- **Exercise prompt**: An exact copy of the data is required. No picture may appear in it.

- **Information given**:
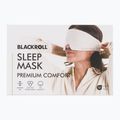 Augenmaske BLACKROLL Premium Comfort Sleep off white 5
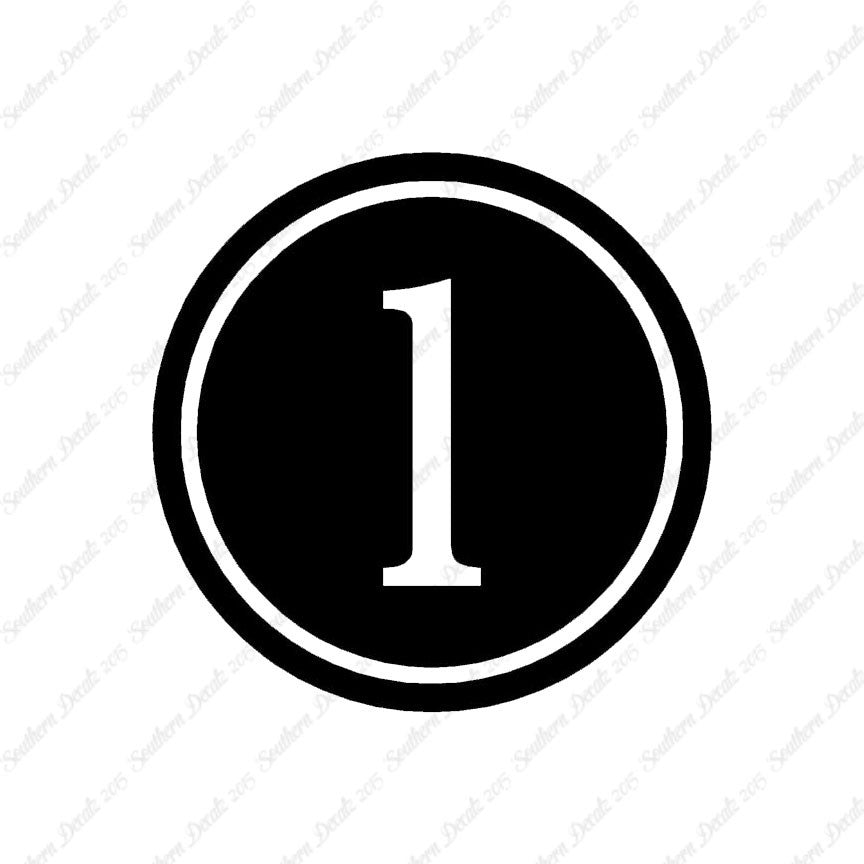 Typewriter Font L Initial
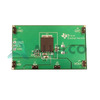 TPS74001DPTEVM-713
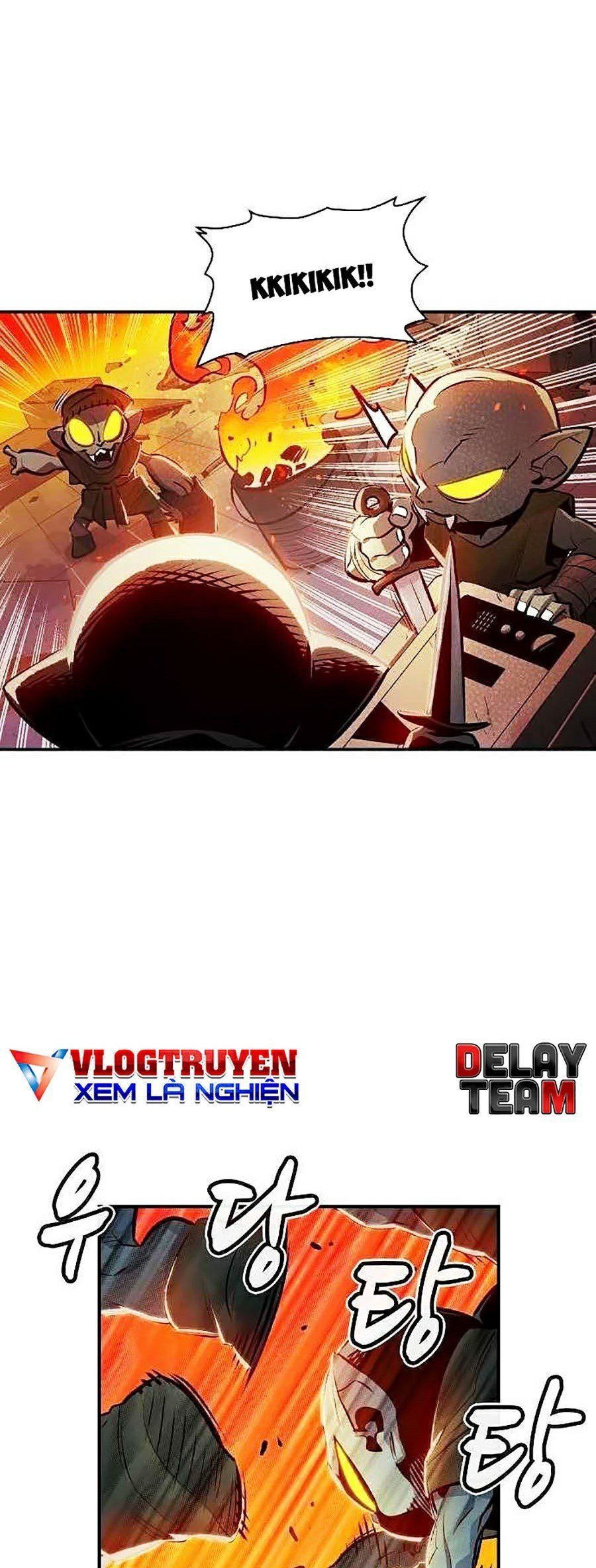 đọc truyện Độc Cô Tử Linh Sư Chương 5 ảnh 13 tại Thiên Thai Truyện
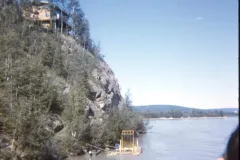 1972_07_Alaska_Riverboat_Cruise11.jpg.webp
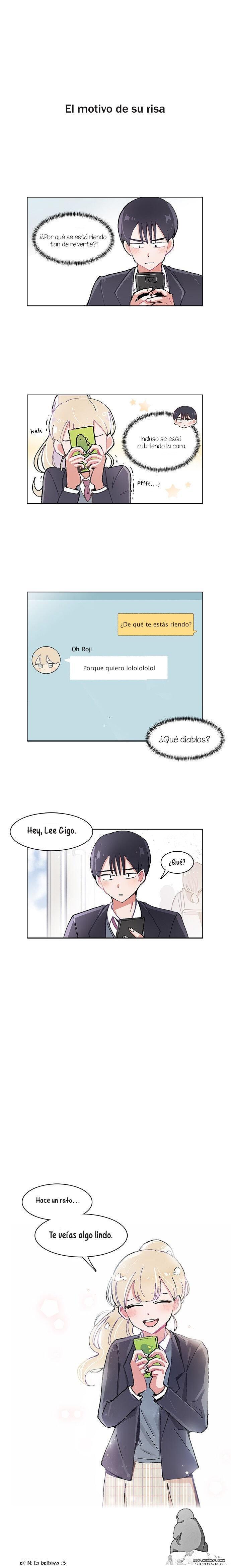 Capitulo 9 page 13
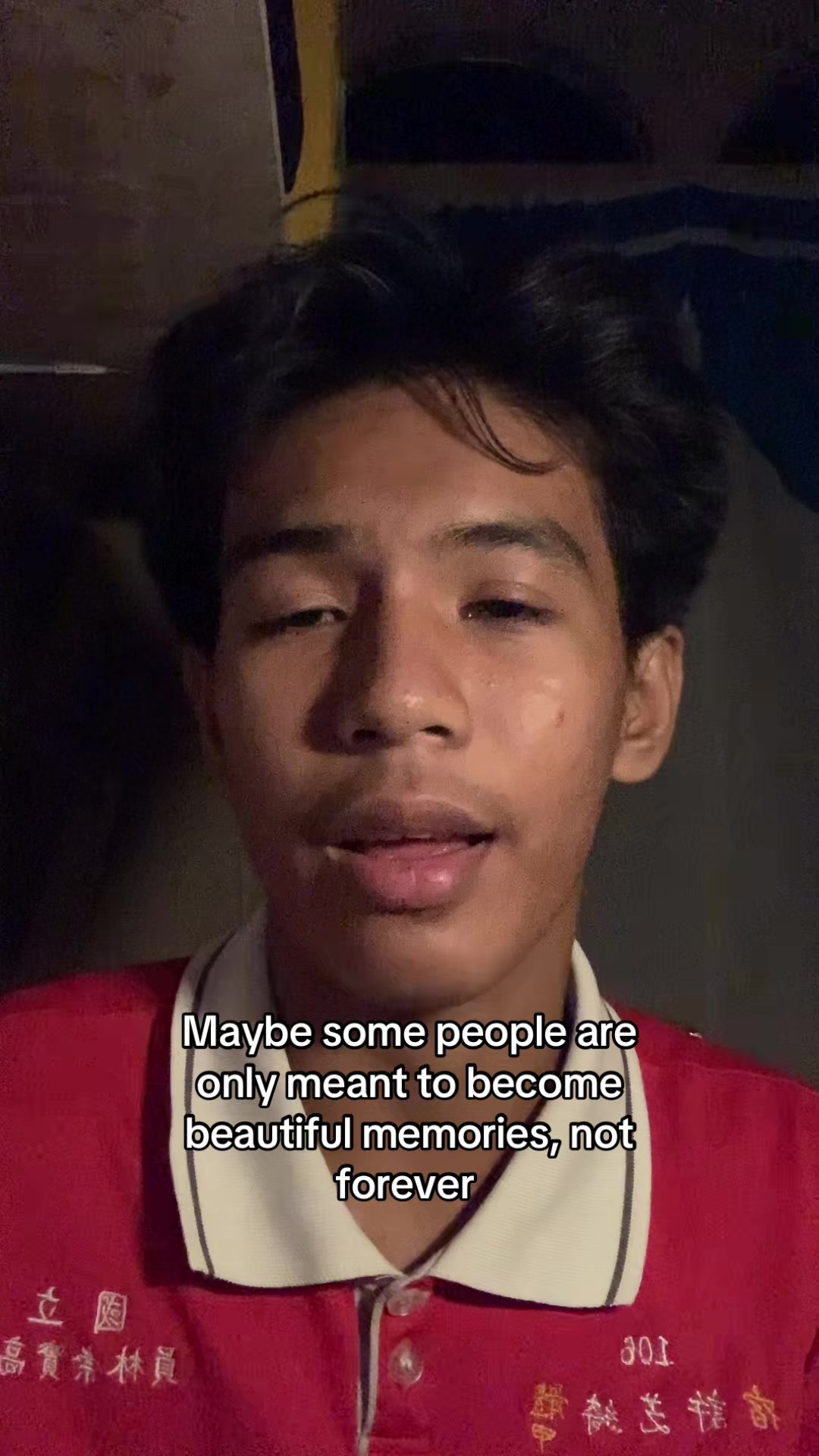 @Lhem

- **Output below**:
 Augenmaske BLACKROLL Premium Comfort Sleep off white 5
 Typewriter Font L Initial
 TPS74001DPTEVM-713
 đọc truyện Độc Cô Tử Linh Sư Chương 5 ảnh 13 tại Thiên Thai Truyện
 1972_07_Alaska_Riverboat_Cruise11.jpg.webp
 Capitulo 9 page 13
 @Lhem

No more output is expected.